Menurut dr Aru, makanan olahan sulit sepenuhnya dijamin keamanannya karena proses pembuatannya tidak selalu diketahui secara utuh. Ia menyampaikan pandangan itu dalam perbincangan dengan detikcom pada Kamis, 21 Mei 2026, sembari menyoroti meningkatnya masalah metabolik pada usia muda.
Real food dan kesehatan
dr Aru menyebut real food sebagai pilihan terbaik jika seseorang ingin menjaga kesehatan secara jangka panjang. Ia menilai makanan segar cenderung lebih jelas asal-usul dan proses pengolahannya.
Ia juga menekankan bahwa makanan olahan umumnya memakai campuran bahan tambahan yang tidak selalu mudah dipantau.

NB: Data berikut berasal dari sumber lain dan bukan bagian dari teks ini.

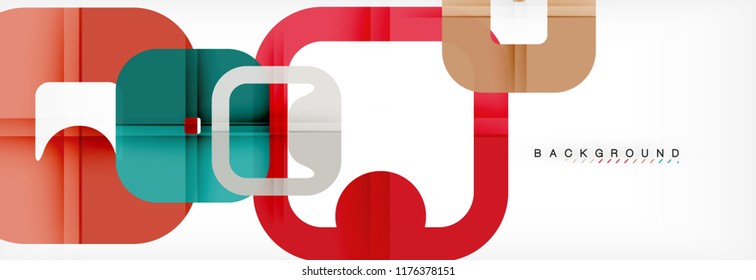 Fondo geométrico cuadrado, plantilla multicolor para presentación de negocios o tecnología o diseño de portada de folletos web, fondo de pantalla vectorial.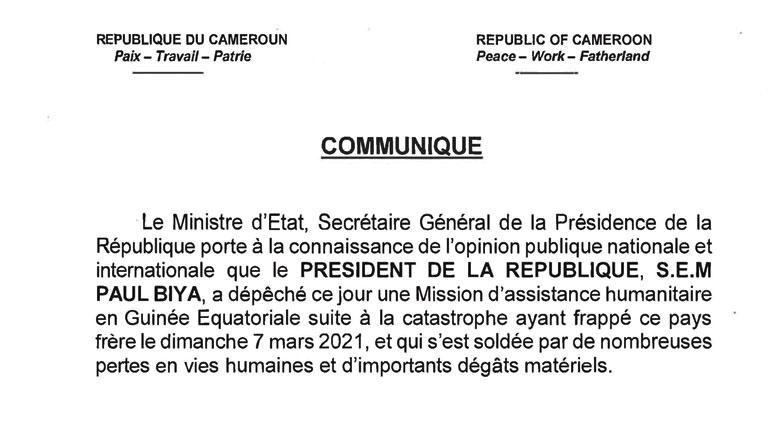 Mission humanitaire du Chef de l’Etat en Guinée Equatoriale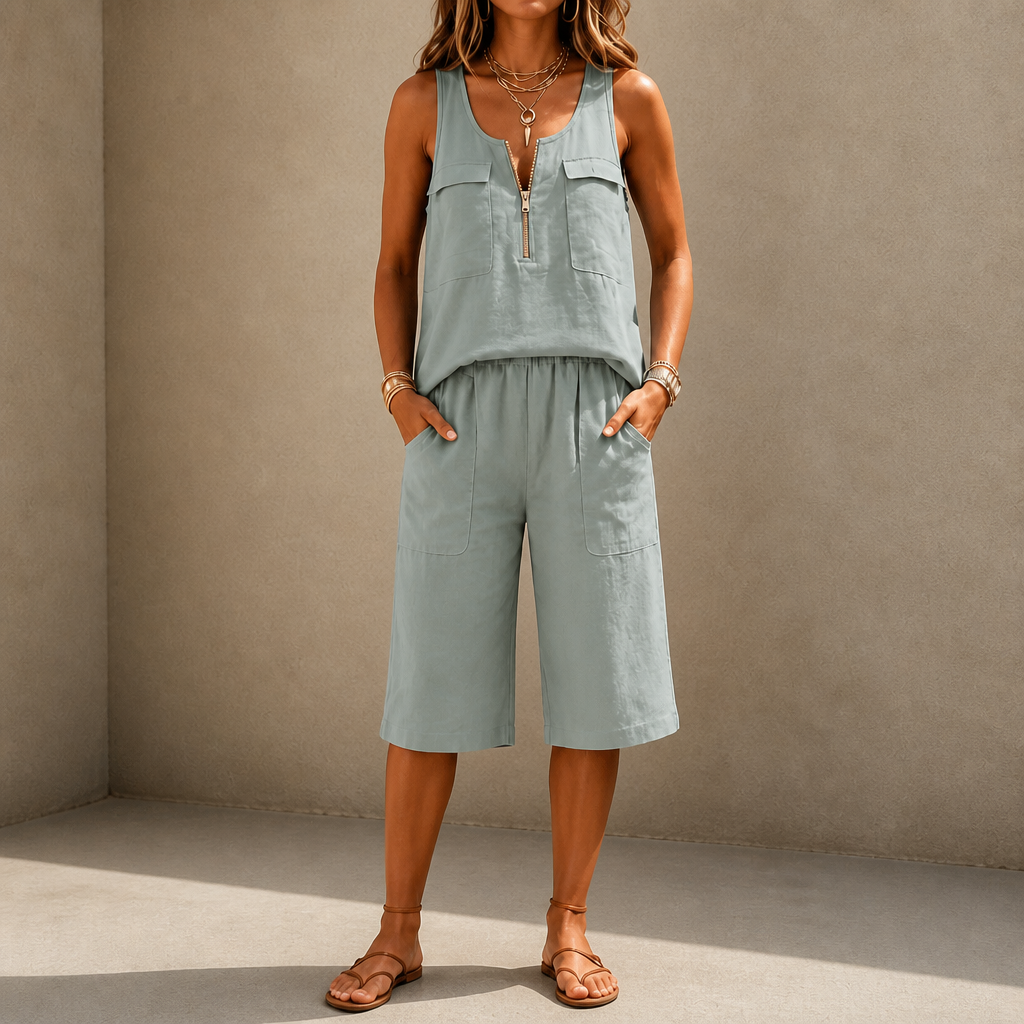Half-Zip Sleeveless Top And Shorts Set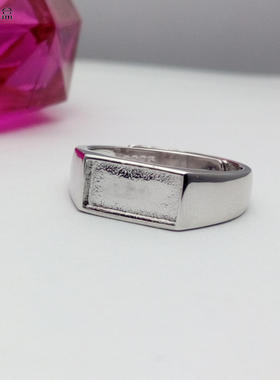 s925纯银镀白金 封底  小戒面 男款 活口 戒指托 戒指空托 5*10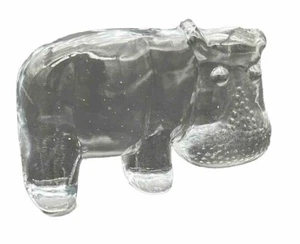 1970er Jahre Kosta Boda Bertil Vallien Zoo Serie Kunst Glas Nilpferd Figur Briefbeschwerer - Bild 1 von 5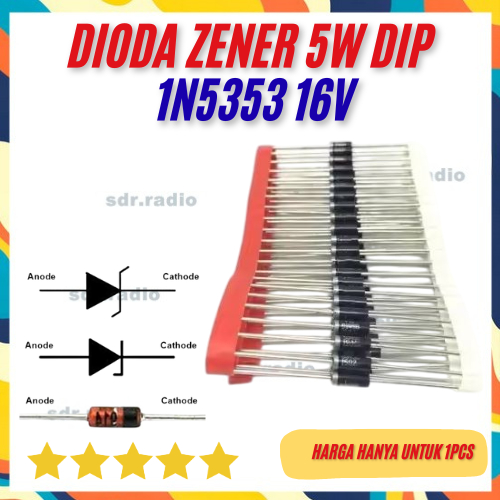 1N5353B 1n 5353b IN5353B 1N5353 B Zener 16.0 v 16V 5.0W 16volt 5watt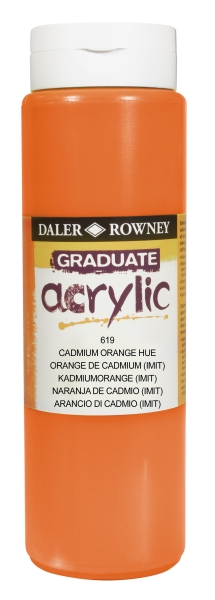 daler rowney graduate pintura acrilica botella de plastico 500ml color naranja de cadmio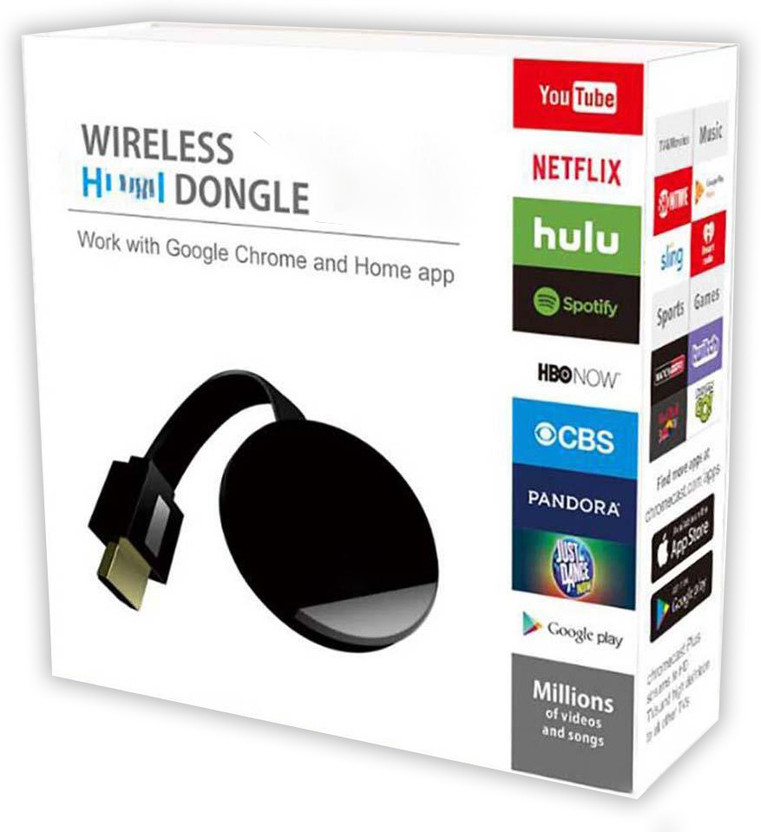 SYARA PQU_103P Chrome cast WiFi HDMI Dongle & Wireless Display for TV Media Streaming Device(Black)
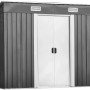 Costway Gerätehaus Metall Gartenhaus 238x131x181cm Grau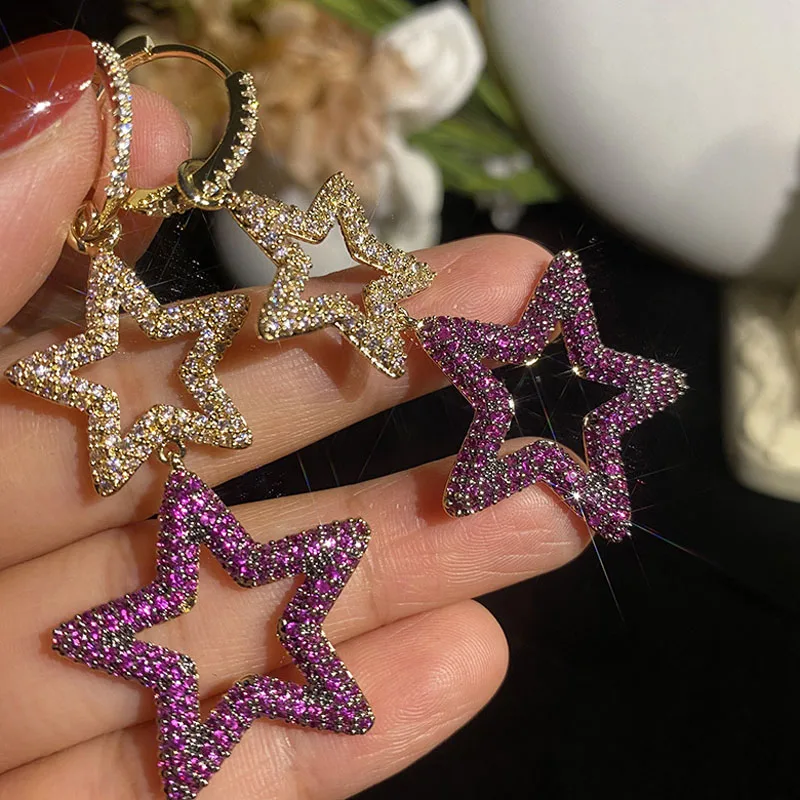 

Hyperbole Style New Luxury Sterling Silver Earrings Purple Red CZ Diamond Five-pointed Star Charms Drop Earrings For Women
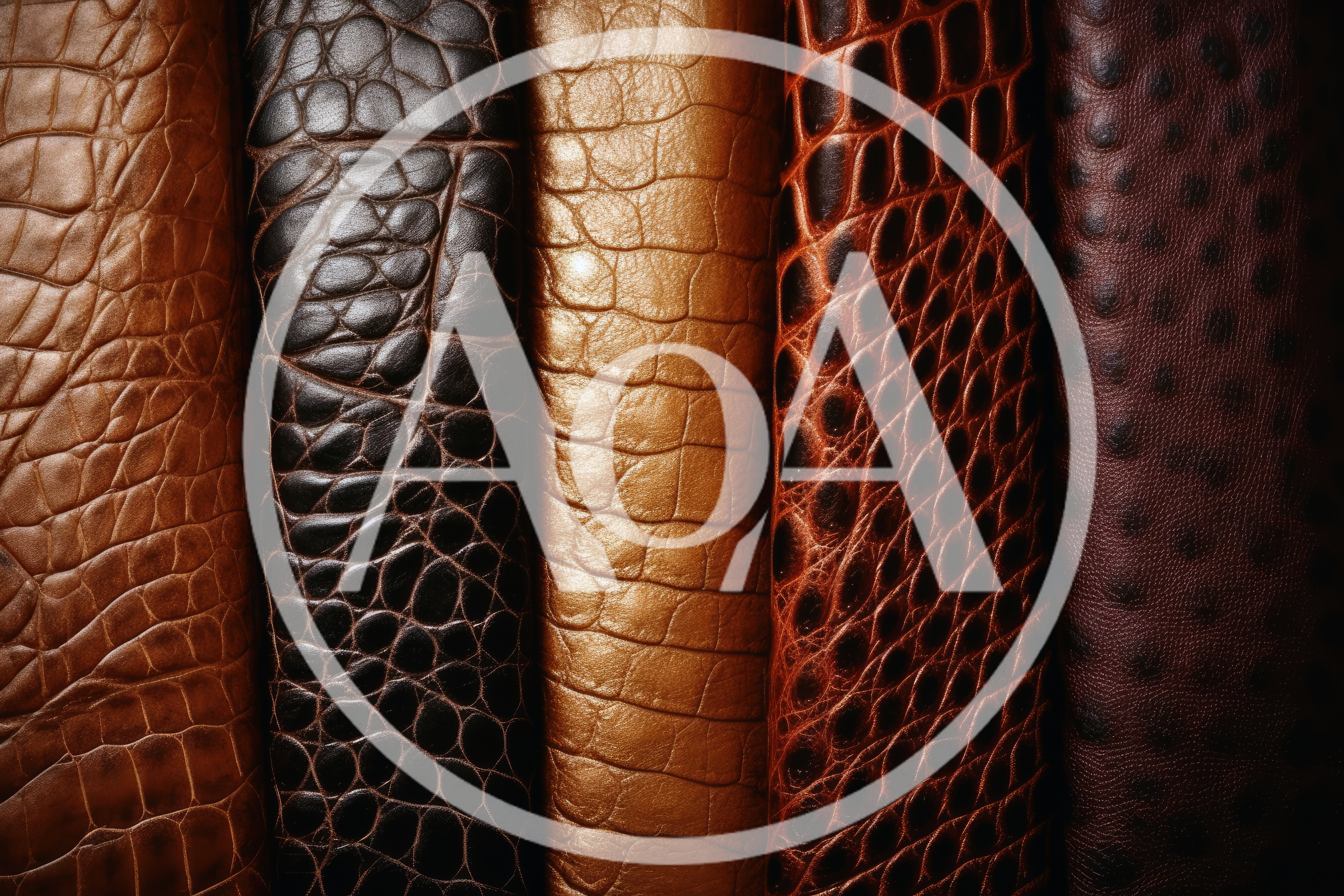 Five Distinctive Textured Leather Samples In Vertical Rows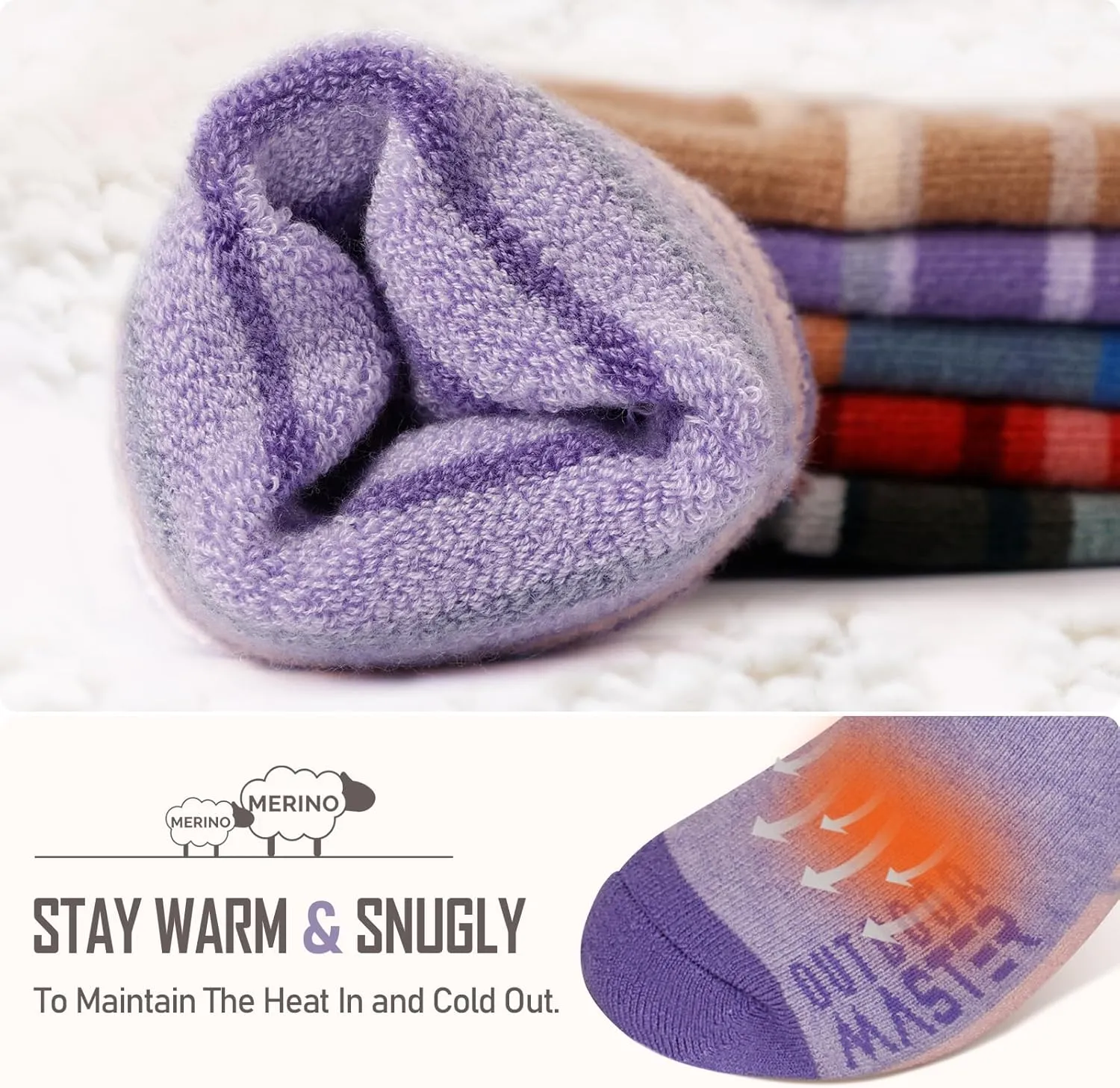 Ski Socks 2-Pack Merino Wool, Over The Calf Non-Slip Cuff for Men & Women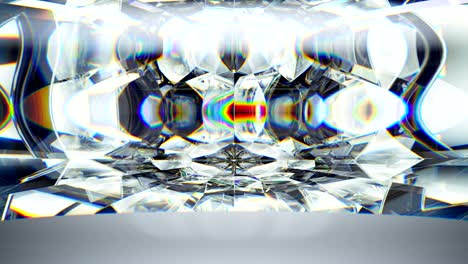 kaleidoscope rotate of gemstone diamond or shiny glass texture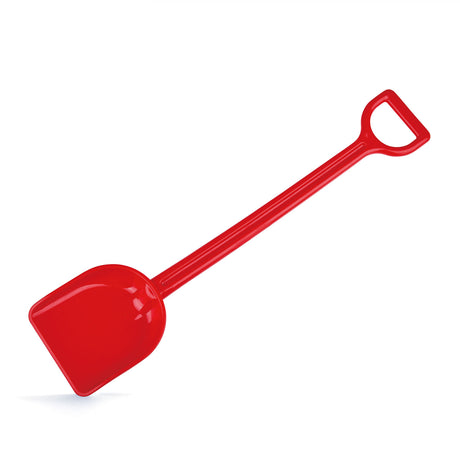 Bright red Hape Mighty Shovel designed for toddlers, perfect for engaging outdoor play and gardening activities.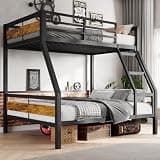 Feonase Metal Bunk Bed Twin Over Full with Ladder and High Guardrail, Heavy-Duty Metal Slats Support, Noise Free, No Box Spring Needed, for Kids and Juniors, Vintage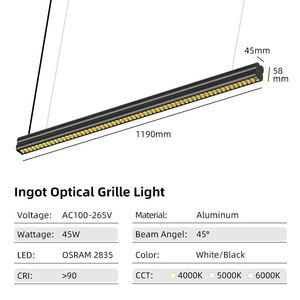 Lámpara Lineal LED Moderna para Oficina, 45W, Iluminación Arquitectónica Colgante, Lámpara de Aluminio Suspendida para Cocina y Oficina - Product Image 6
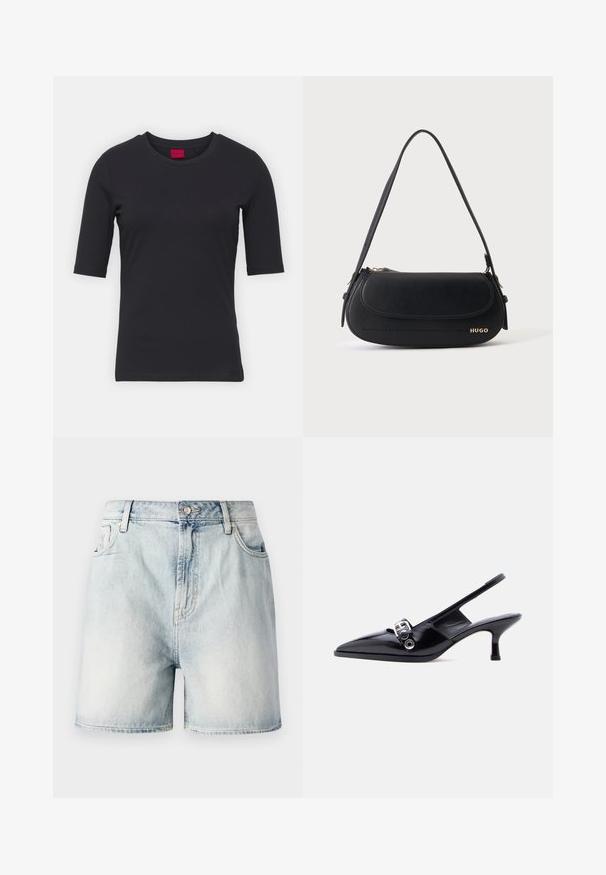 T-shirt noir en coton avec manches courtes, col rond et design minimaliste. Présente une étiquette de marque rouge au niveau du col.; Shorts en denim bleu clair avec fermeture par bouton, cinq poches et une texture délavée. Coupe droite au design classique.; Chaussure à talon bas en cuir verni noir avec bride arrière, bout pointu et détail boucle argentée sur fond blanc uni.; Sac à épaule en cuir noir avec rabat incurvé, logo doré "HUGO" sur le devant, et une bandoulière réglable.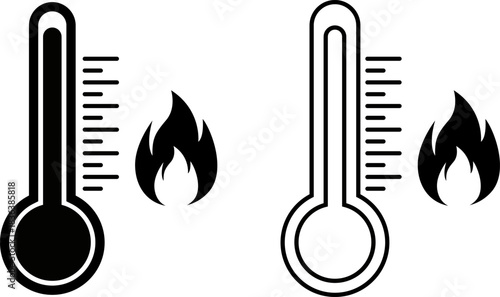 Thermometer and flame icons representing high temperature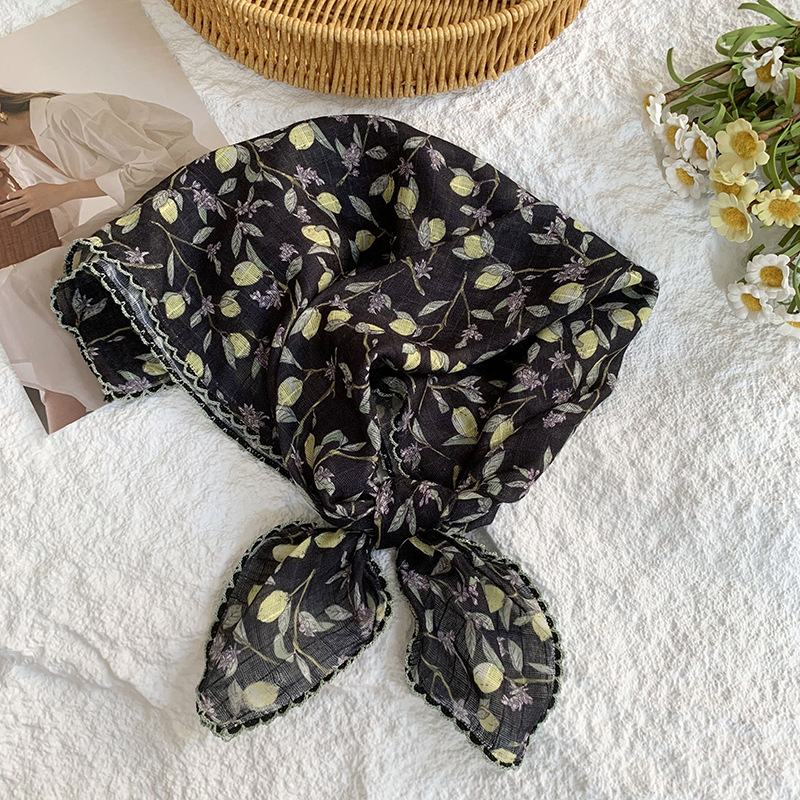 Bufanda de seda, bufanda cuadrada pequeña, protección para el cuello, bufanda pequeña, bolsa de flores de verano, pañuelo en la cabeza, cinturón de recurrencia pastoral, bolsa de cabello atada, bufanda de seda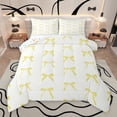 thumbnail image 1 of Manfei Cartoon Bowknot Child Full Size Comforter Sets, Girly Yellow Bow-tie Bedding Comforter Set, Kawaii Princess Bow Style Reversible Bedding Sets, Lightweight Room Decor, 3-Piece, 1 of 9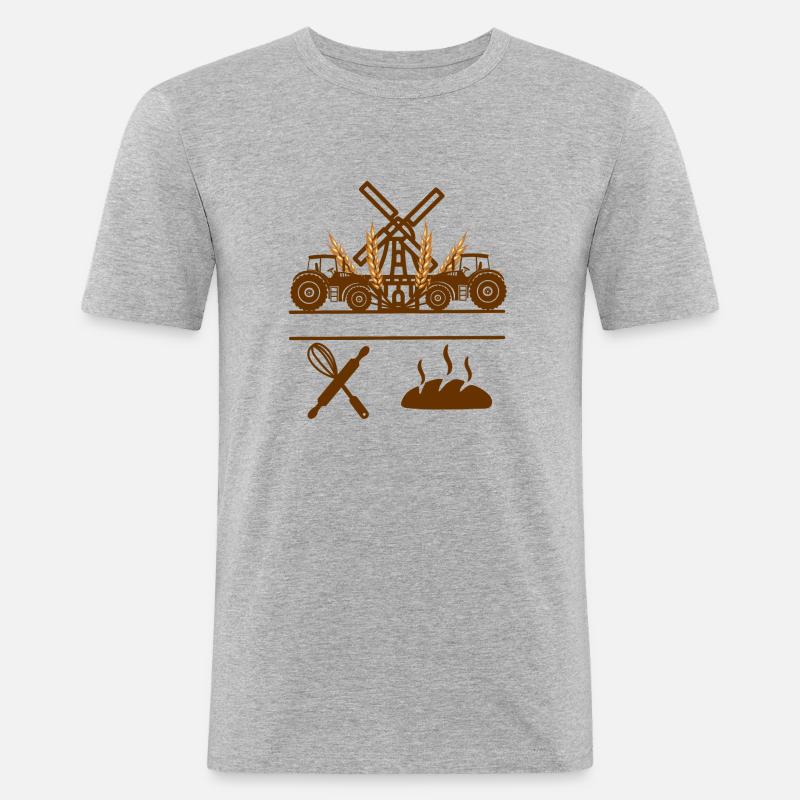 Bäckerei oder Bäckerei-Logo - Männer Slim Fit T-Shirt - Grau meliert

Kondisi itu membuat risiko terhadap kesehatan tetap perlu diperhitungkan meski produk tersebut beredar luas di pasaran.
Dalam pandangannya, tubuh akan lebih diuntungkan jika asupan sehari-hari berasal dari bahan pangan yang minim proses. Karena itu, ia mendorong masyarakat untuk lebih selektif dalam memilih makanan yang dikonsumsi.
Risiko makanan olahan
dr Aru menyoroti adanya potensi penyimpangan dalam proses produksi makanan olahan, meski telah ada regulasi yang mengatur. Ia menilai celah risiko tetap ada dan dapat berdampak pada kesehatan konsumen.
Ia mengaitkan pola konsumsi modern dengan meningkatnya temuan penyakit metabolik di masyarakat. Menurut dia, situasi tersebut terlihat dari kasus hipertensi dan diabetes yang kini banyak ditemukan pada usia muda.
Ia juga menyebut angka kesakitan pada anak muda saat ini cenderung lebih tinggi dibandingkan generasi sebelumnya. Karena itu, pilihan makanan dinilai berperan penting dalam pencegahan masalah kesehatan sejak dini.
Kasus metabolik usia muda
Dalam penjelasannya, dr Aru mengatakan banyak orang berusia 30 tahun kini sudah mengalami gangguan metabolik. Ia menyebut hipertensi dan diabetes sebagai dua contoh yang semakin sering muncul pada kelompok usia tersebut.
Menurut dia, kecenderungan itu menunjukkan bahwa pola makan modern tidak bisa dipandang sepele. Asupan yang terlalu sering berasal dari makanan olahan dapat ikut memengaruhi kualitas kesehatan dalam jangka panjang.
Ia menegaskan bahwa pencegahan perlu dimulai dari kebiasaan sehari-hari, termasuk dalam memilih menu makan. Dengan langkah sederhana, risiko penyakit metabolik dapat ditekan lebih awal.
Praktis tapi tetap bijak
Meski menilai real food lebih sehat, dr Aru mengakui tidak semua orang mudah menjalankannya setiap hari. Kesibukan membuat banyak orang tidak sempat belanja dan memasak sendiri.
Dalam kondisi seperti itu, masyarakat akhirnya kerap memilih makanan olahan karena lebih praktis. Ia memahami situasi tersebut, tetapi tetap mengingatkan agar pilihan praktis tidak mengabaikan pertimbangan kesehatan.
Menurut dia, kuncinya adalah mencari keseimbangan antara kemudahan dan kualitas konsumsi. Jika memungkinkan, masyarakat disarankan memperbanyak bahan makanan segar dalam pola makan harian.